Il faut dire que si les mairies de banlieue, en fait d'animation, proposaient auttre chose que du hip-hop, du sport et du théâtre moderne, on pourrait peut-être voir une génération enfin émerger. En effet, en France, pour s'élever socialement, il faut intégrer les codes de la bourgeoisie. Et les codes de la bourgeoisie, tout du moins la bourgeoisie traditionnelle, ce n'est pas le hip-hop et le football.
Il faut ajouter, et c'est là le plus important, que les différentes populations exogènes manquent cruellement d'un leader charismatique. La France n'est pas plus "raciste" que l'Amérique. Mais en Amérique, ces leaders existent, pas en France.
Et quand ils ont le charisme et la détermination nécessaire, comme Yannick Noah, par exemple, ils ne souhaitent pas s'impliquer vigoureusement dans la politique.

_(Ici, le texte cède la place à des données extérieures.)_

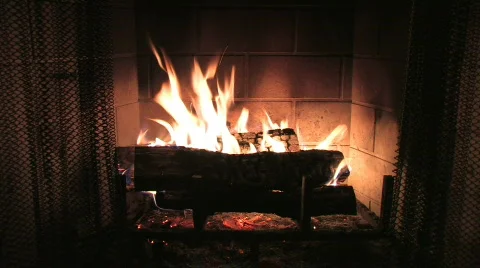 Fireplace with Fire Stock Footage 270979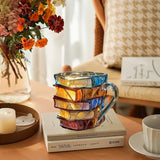 3D Painted Book Glass Mug Style 1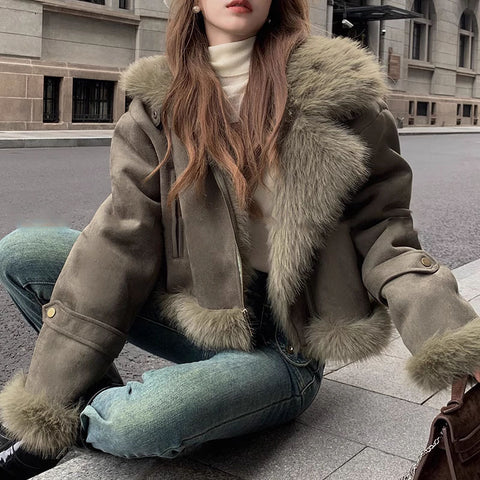 The Jordyn Oversized Cropped Faux Fur Winter Jacket - Multiple Colors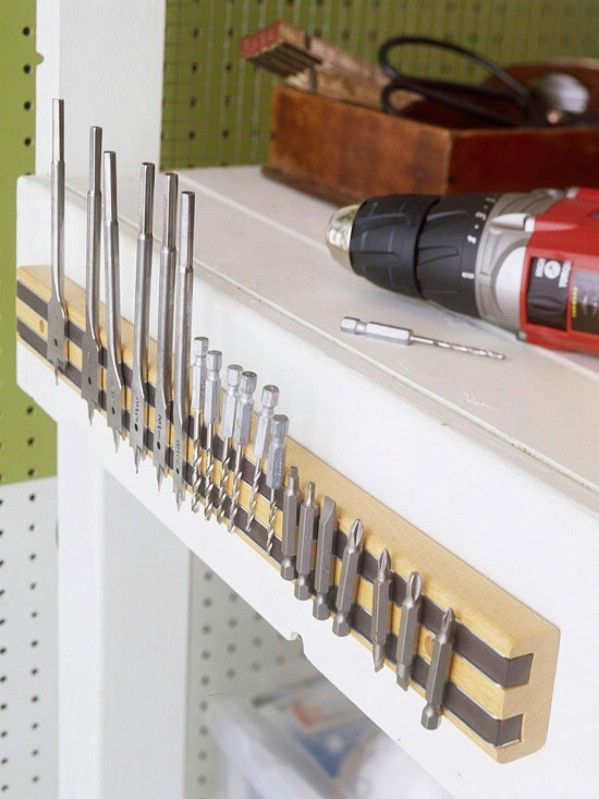 Magnetic Strips Can Hold Tools -   Brilliant Garage Organization ideas that will make life easier. Great ideas, tips, tutorials for insanely easy garage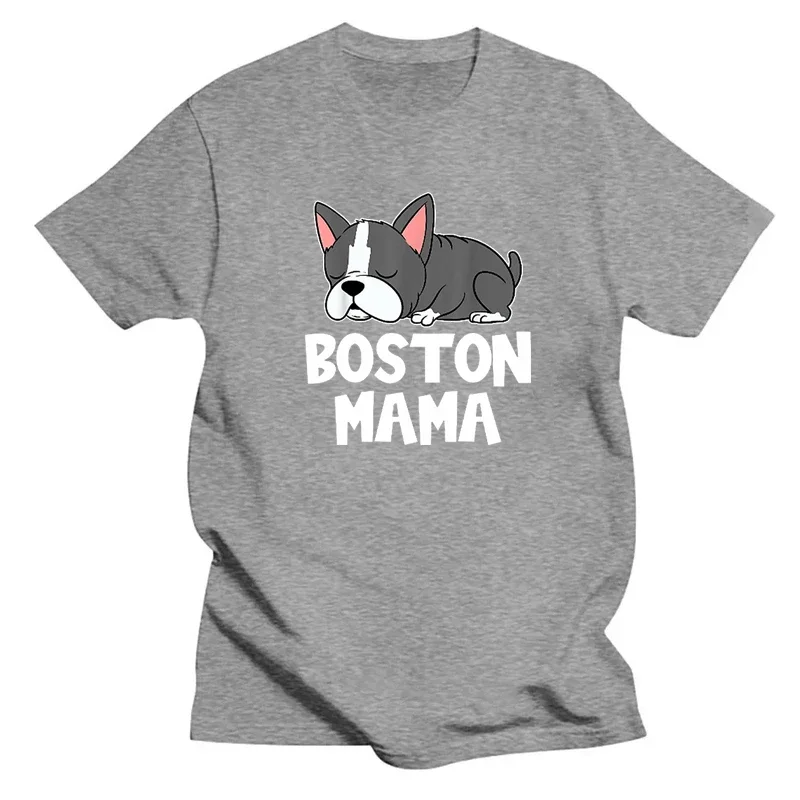 Boston Terrier Dog Puppy Cute Dog Breed Bossy Mama T-Shirt Fashion Summer Tshirt Casual Loose Sport Jogging Top Short Sleeves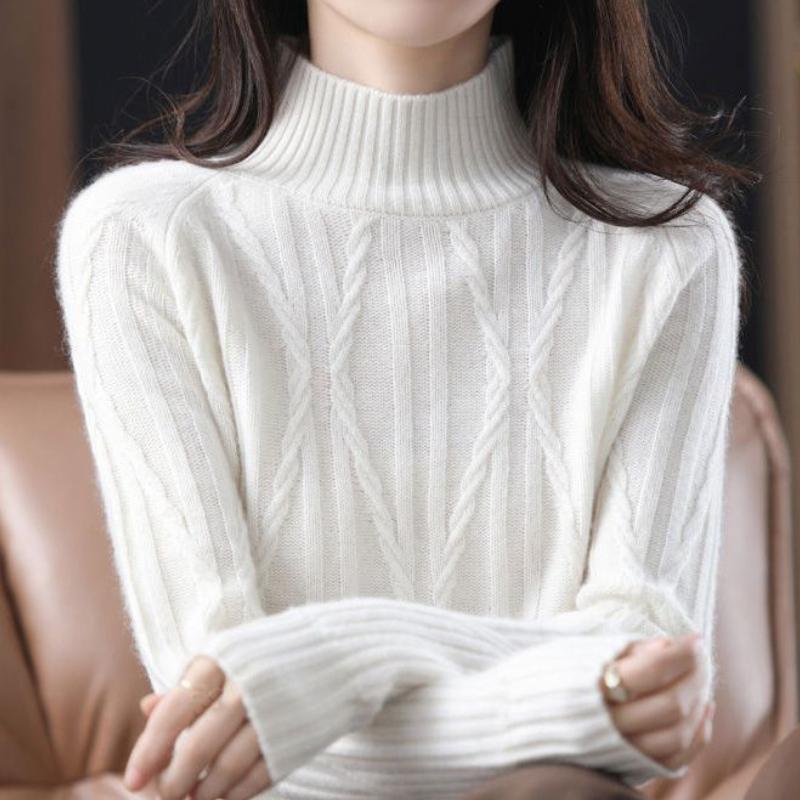 Solid Mock Neck Sweater for Women - Long Sleeve Fall & Winter Casual Sweater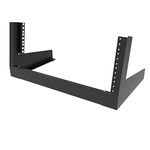 JINGCHENGMEI 4U 19 inches Desktop Open Frame Rack - 2 Post Free-Standing Network Rack Switch Depth for Patch Panel, Data, AV, IT,Studio or Computer Equipment (JCM-DT4URack)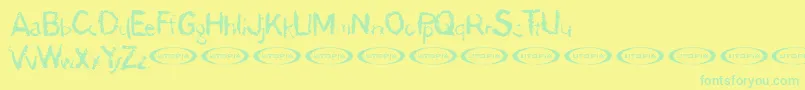 Demon Font – Green Fonts on Yellow Background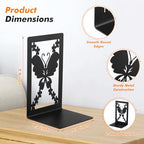 Aertiavty Butterfly Bookends 2 Pcs, Large Heavy Duty Metal Bookends for Shelves, Non-Skid Book Ends Decorative for Heavy Books, Book Holder for Home Office, Morden Book Stopper 7.9"x 4" x 5", 1 Pair - style: Butterfly Style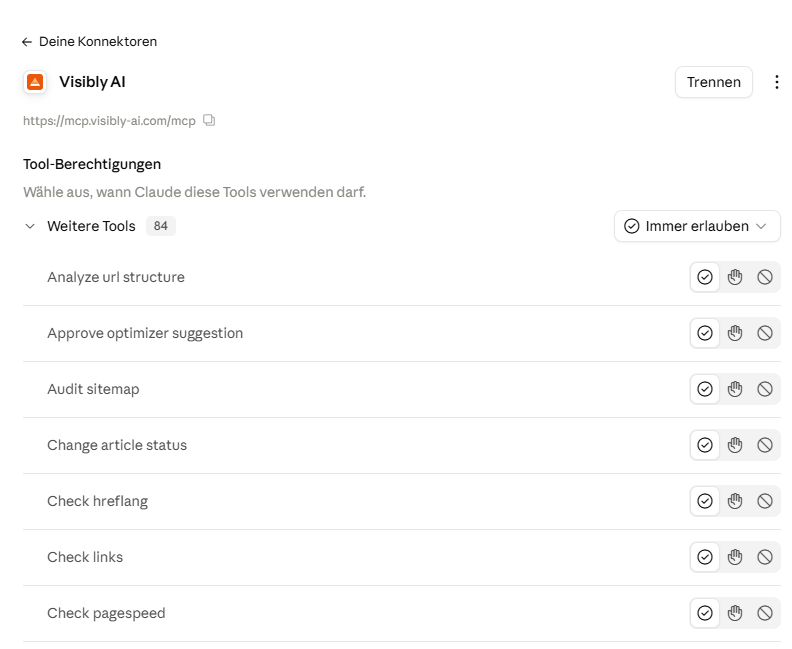 Claude: Tool-Berechtigungen des Visibly-AI-Connectors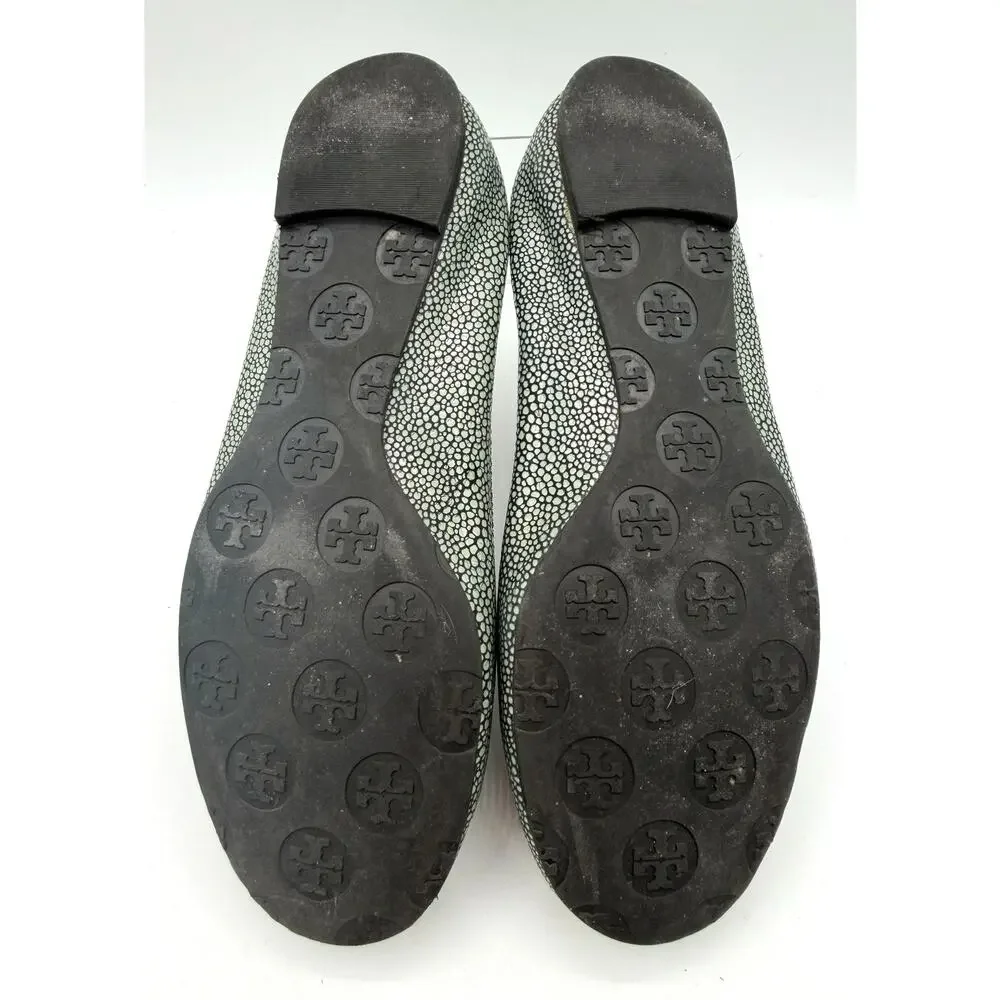 Tory Burch Gray Stingray Embossed Leather Reva Ballet Flats-Sz 7.5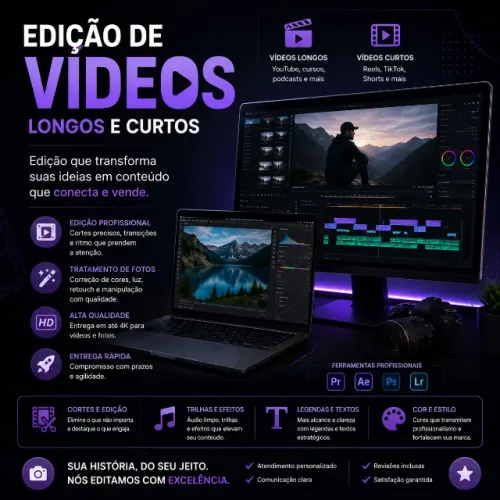 Edição de vídeos e fotos/imagens 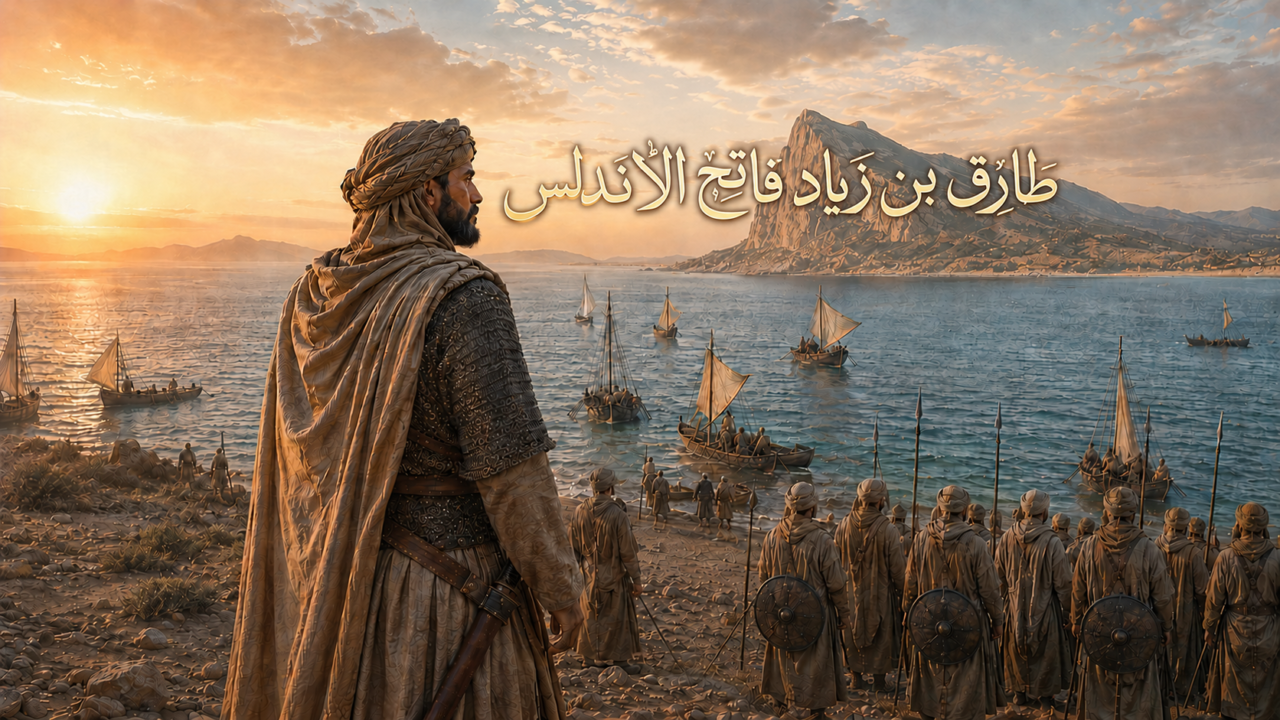 تصور فني لطارق بن زياد القائد المغربي الأمازيغي على ساحل المضيق قبيل فتح الأندلس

Le Figaro a publié le 18 novembre 2008 une analyse très intéressante sur l'émergence de classe moyenne noire. J'en conseille la lecture, tant l'analyse me paraît pertinente et mesurée. Quelques témoignages sont très éloquents et confirment ce que je dis plus haut. Le problème principal, même si quelques préjugés persistent, n'est pas tant d'être noir que de renvoyer l'image qui convient pour intégrer les établissements et services prestigieux. Et cela, les familles noires qui l'ont compris, y veillent au grain.